DATA PROVIDED
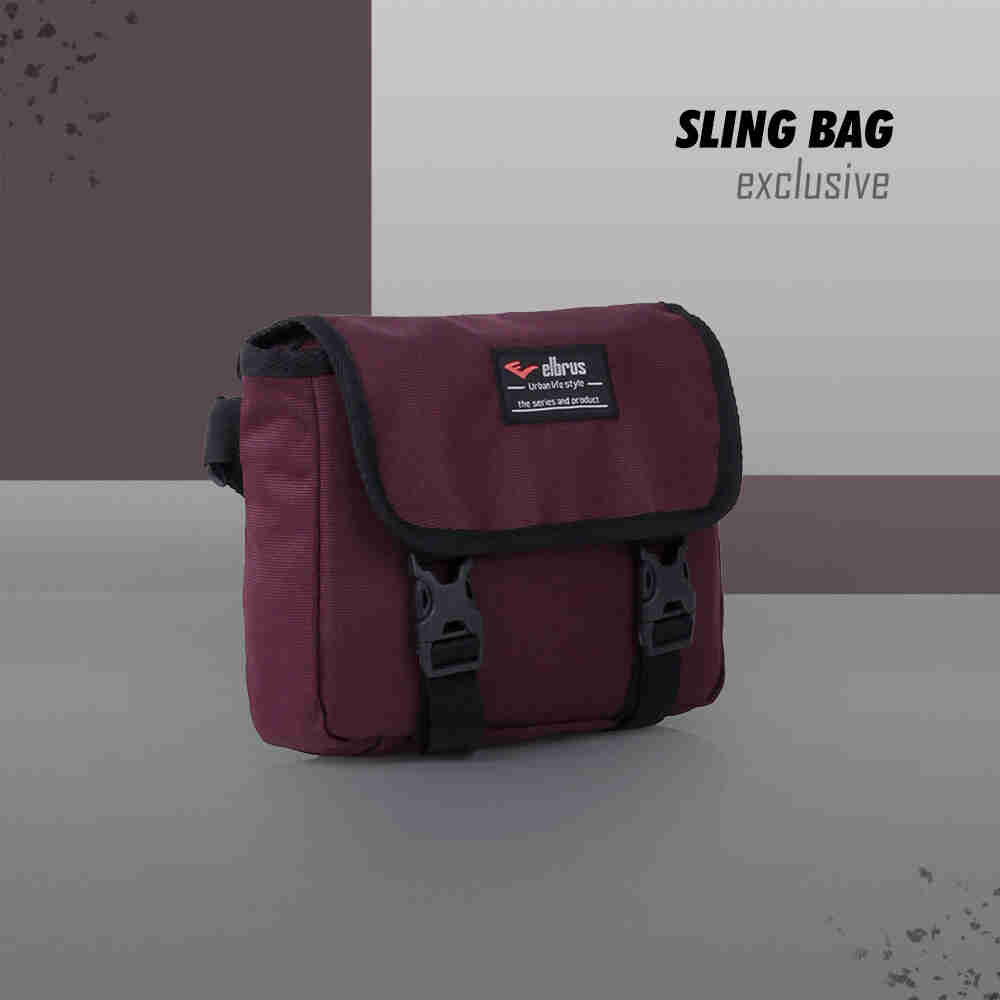 Tas Slingbag Pria Outvin TL 476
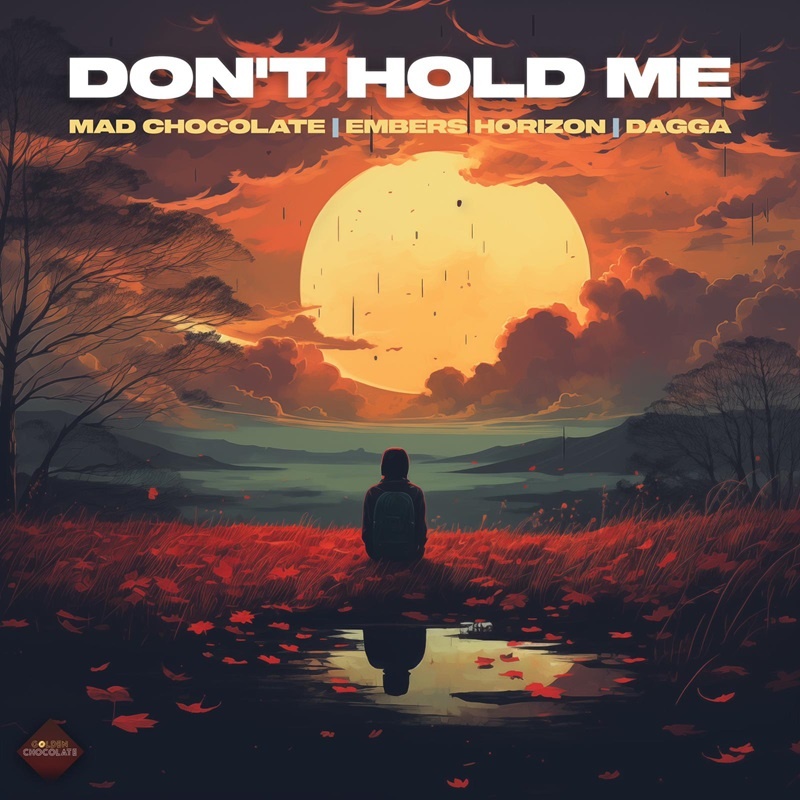 Okładka "Dont Hold Me" (materiały promocyjne)  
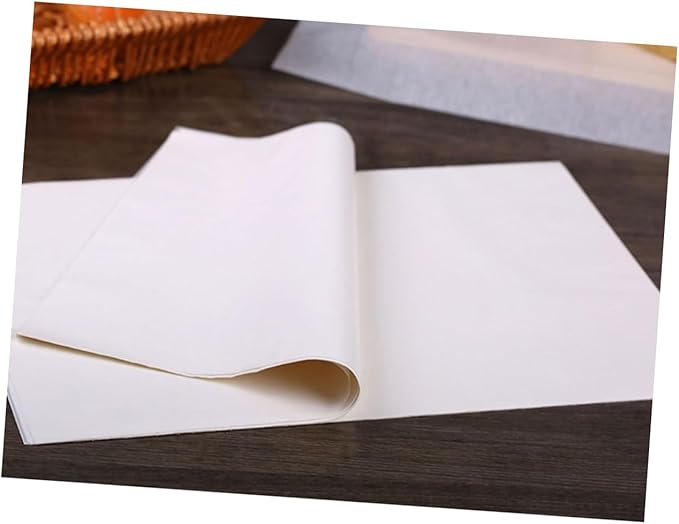 Cabilock 500pcs Baking Paper Trays Non-stick Oven Liners Parchment Paper for Baking Supplies Dehydrator Sheets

THE PROBLEM
Give the data again word for word, without pictures.

SOLUTION TO THIS EXERCISE
 Tas Slingbag Pria Outvin TL 476
 Okładka "Dont Hold Me" (materiały promocyjne)  
 Cabilock 500pcs Baking Paper Trays Non-stick Oven Liners Parchment Paper for Baking Supplies Dehydrator Sheets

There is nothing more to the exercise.